Judge Posner, however, refuses to tag Ernst & Young with deepening insolvency damages for the period between the time of its "clean" audit report and the bank’s subsequent pulling the plug on the business, finding that the debtor’s officer (whose knowledge is imputed to the corporation) "knew everything she had to know in order to determine whether the company had been injured by Ernst & Young’s failure to have included a going-concern qualification in the audit report…, yet it didn’t deflect her from trying to avert liquidation." In essence, according to Judge Posner, the case failed because there was no proximate cause between the auditor’s alleged wrongdoing and the alleged injury (i.e., the alleged "deepening insolvency".)

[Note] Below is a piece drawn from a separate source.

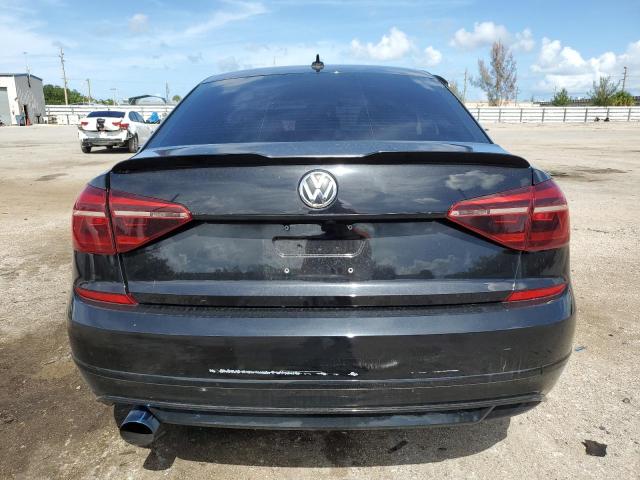 2017 VOLKSWAGEN PASSAT R-L - 1VWDT7A31HC041450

What’s the final precedential impact of Judge Posner’s opinion on the law? Maybe none, as it all may be dictum, even under Judge Posner’s definition of it, given the concurrence by Judge Ilana Rovner, who simply wrote: "I agree that this action is barred by the statute of limitations, and would limit the decision to that issue alone."

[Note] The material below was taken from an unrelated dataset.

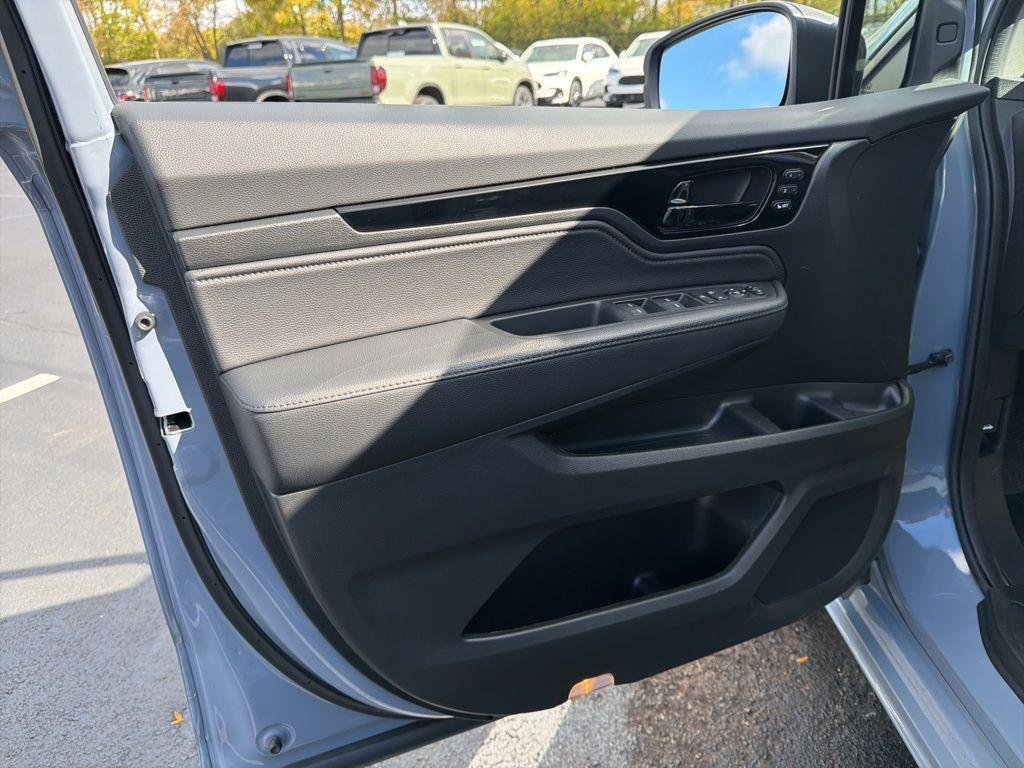 used 2024 Honda Odyssey car, priced at $39,692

Those interested in gaining insights into Judge Posner’s views on the scope of an auditor’s responsibilities in connection with the issuance of a going-concern opinion are well-advised to listen to his pointed questions (and his demand for pointed answers) in the 40 minute oral argument in the case. Here are a couple of notable Posnerian pragmatisms, drawn from his trenchant exchanges with counsel for the trustee, regarding the scope of an auditor’s responsibilities under SAS 59 (which requires the auditor to consider whether "certain conditions or events that, when considered in the aggregate, indicate there could be substantial doubt about the entity’s ability to continue as a going concern for a reasonable period of time") (see also, the discussion of SAS 59’s requirements in the opinion at pp.8-9):
- "The auditor’s responsibility … so far as the company is concerned … is to make sure the [numbers] are accurate…. You don’t need an auditor to tell you your market is collapsing…. The auditors are not supposed to have business insight. They’re counters. They’re not supposed to make predictions about how your markets are doing. They’re supposed to reconcile your books and indicate you’re not a going concern because your debt is too high and so on…. And what is this boxed food business anyway? Auditors are not supposed to know trends in the boxed food business." (12:15-13:15)
- "Do you think the auditor is supposed to know about market power?… An auditor is not an economic consultant who goes out and figures out what the market trends in an industry are!…" (17:43-18:07)
Finally, to round out the analysis, there’s Judge Kaplan’s recent analysis of deepening insolvency as a theory of damage in In re Parmalat Securities Litigation, 2007 WL 2263893 (S.D.N.Y. 8/8/07) (pdf). Relying heavily on Sabin Willet’s deepeningly influential article, Judge Kaplan makes a distinction–notably, one that Judge Posner did not make–between delaying the inevitable (i.e., delaying liquidation) and delaying a save opportunity (i.e., delaying reorganization). According to Judge Kaplan, as a matter of law, deepening insolvency damages cannot arise in a "delayed liquidation," but they’re at least theoretically possible in a "delayed reorganization" (though in such instance, "[p]lainitffs [must] supply factual allegations sufficient to raise a right to relief above the speculative level [to survive a motion to dismiss]"). (Op. at pp. 24-33.)
So, while the death knell tolls for "deepening insolvency" as an independent cause of action, confusion continues to reign over whether damages for "deepening insolvency" exist, and if so, under what circumstances.